In FIG. 2, there can also be seen the assembly 4 which links the directional coupler 3 to the double directional coupler 5; this assembly comprises, in sequence;

a mode filter 40 designed to prevent the development of the TM₂₁ and TM₁₂ modes, and a junction 41 between a square-section waveguide and a circular-section waveguide.

The double directional coupler 5 shown in FIG. 2 is composed of a cylindrical waveguide 50, 34mm in diameter, and of four rectangular-section waveguides only three, 51, 52, 53 of which, can be seen in the drawing; these waveguides are closed at one end on matched loads and are disposed longitudinally around the cylindrical waveguide 50, with an interval of 90° between their axes. The magnetic coupling between the cylindrical waveguide 50 and each of the four rectangular waveguides, is effected across holes formed parallel to the axis of the cylindrical waveguide 50 in the wall which is common to the cylindrical waveguide and the considered rectangular waveguide. The position and diameter of the holes as well as the dimensions of the cylindrical waveguide 50 and the four rectangular waveguides, are designed to ensure that the double directional coupler 5 acts as a directional coupler for the 11 kmc band, this in respect of both polarizations, hence the name of double coupler.

The four rectangular waveguides of the directional coupler 5, define four ports arranged opposite one another in pairs for the polarizations V and H of the 11 kmc bands: two opposite ports 11 V and two opposite ports 11 H.

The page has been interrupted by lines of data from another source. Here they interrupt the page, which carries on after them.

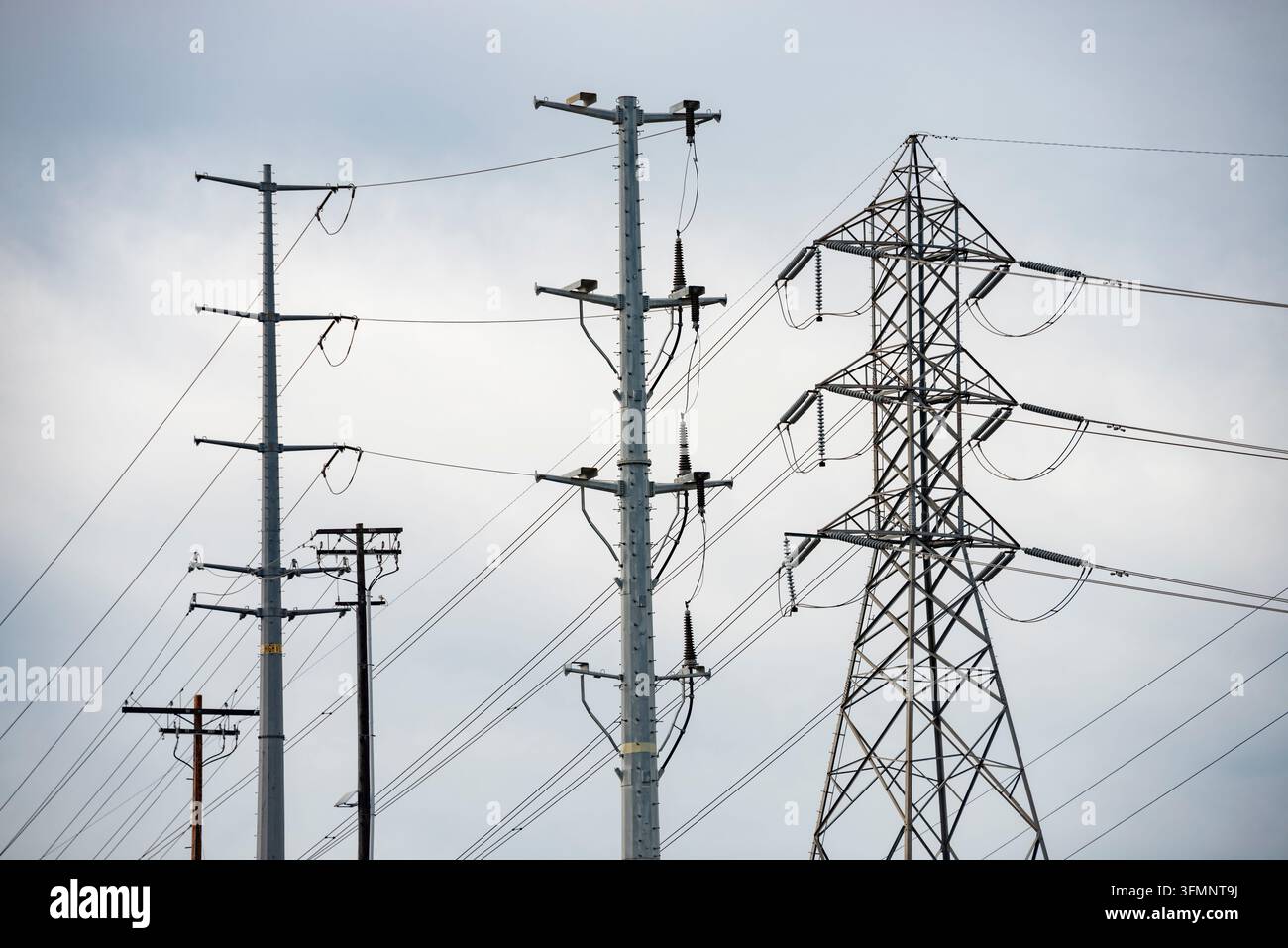 Pylôns de transmission haute tension Banque D'Images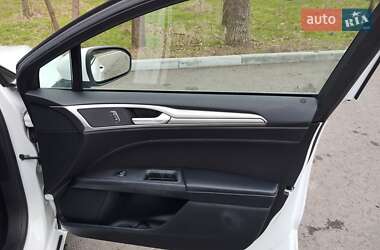 Седан Ford Fusion 2018 в 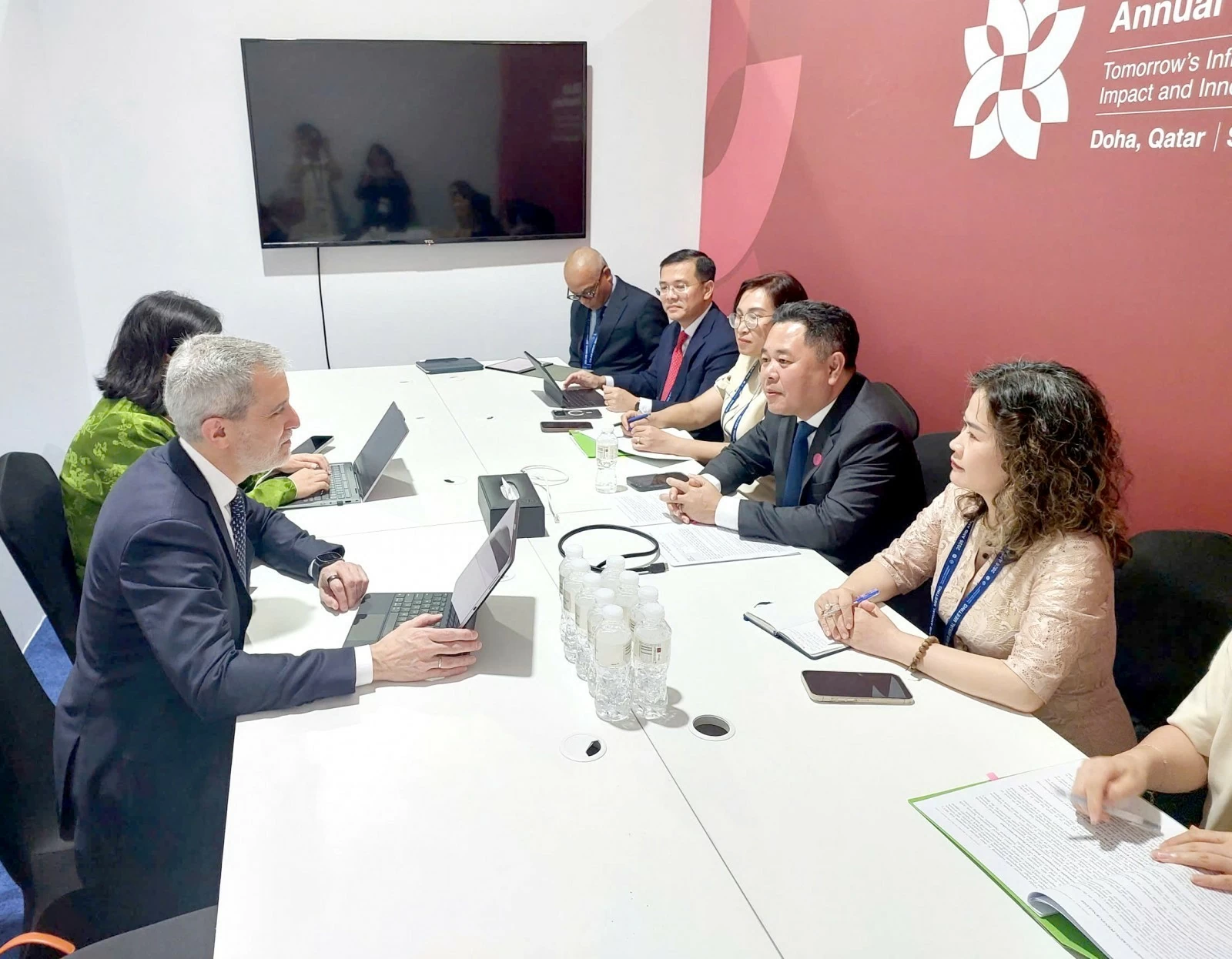 Việt Nam thúc đẩy hợp tác phát triển hạ tầng tại Hội nghị thường niên AIIB lần thứ 11 Việt Nam thúc đẩy hợp tác phát triển hạ tầng tại Hội nghị thường niên AIIB lần thứ 11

FIG. 3 illustrates, in section on the line AA (see FIG. 2), the directional coupler 5 of FIG. 2; this drawing also shows how on the one hand the two ports 11 V of the rectangular waveguides 51, 53, and on the other the two ports 11 H of the rectangular waveguides 52, 54, are coupled. From the two ports 11 H of the directional coupler 5, there extend two rectangular waveguides 92, 94 which are bent and coupled across a magic-Tee 96; the third port of this magic-Tee forms the port 11 H of the multiplexer-demultiplexer and, to the fourth port of the magic-Tee, a matched load 97 is connected. Similarly, the two ports 11 V of the directional coupler 5 are coupled by two bent waveguides 91, 93 and a magic-Tee 95 comprising a matched load, and whose third port forms port 11 V of the multiplexer-demultiplexer.

It might be thought that it would be more normal and simpler, working from the multiplexer-demultiplexer in accordance with the parent patent, to arrange the double directional coupler for the 11 kmc band, between the radiating section of the antenna and this original multiplexer-demultiplexer, the cylindrical waveguide section of this double direction coupler then having to be given a diameter such that it will pass all the frequencies from 3.7 kmc onwards; this gives rise to the formation, in particular in the 11 kmc band, of several parasitic modes and these parasitic modes prevent proper operation of the multiplexer-demultiplexer. It might also seem a possibility to form the 11 kmc band couplers by means of rectangular waveguides placed side by side with free faces of the main waveguides of the 4 kmc band couplers, and coupled to said main waveguides for example by means of regularly spaced holes; however, in that case again, for reasons which are associated with parasitic modes and questions of matching, the results obtained would not be satisfactory.

The idea which has led to the arrangement of the double directional coupler between the 4 kmc band coupling device and the polarizer, has made it possible to curtail these drawbacks by substantially reducing the diameter of the circular-section waveguide of the double directional coupler, this being possible since the waveguide now only has to pass frequencies from 5.9 kmc upwards.

FIGS. 4 and 5 illustrate, looking from the front and the side, the polarizer 6 of FIG. 1 as well as two frequency separator- mixers 7 and 8. The polarizer 6 is designed to operate at frequencies ranging from 5.9 to 7.7 kmc; it has three branches 60, 61, 62 which, in the following description, will be referred to respectively as the common branch, the H polarization branch and the V polarization branch.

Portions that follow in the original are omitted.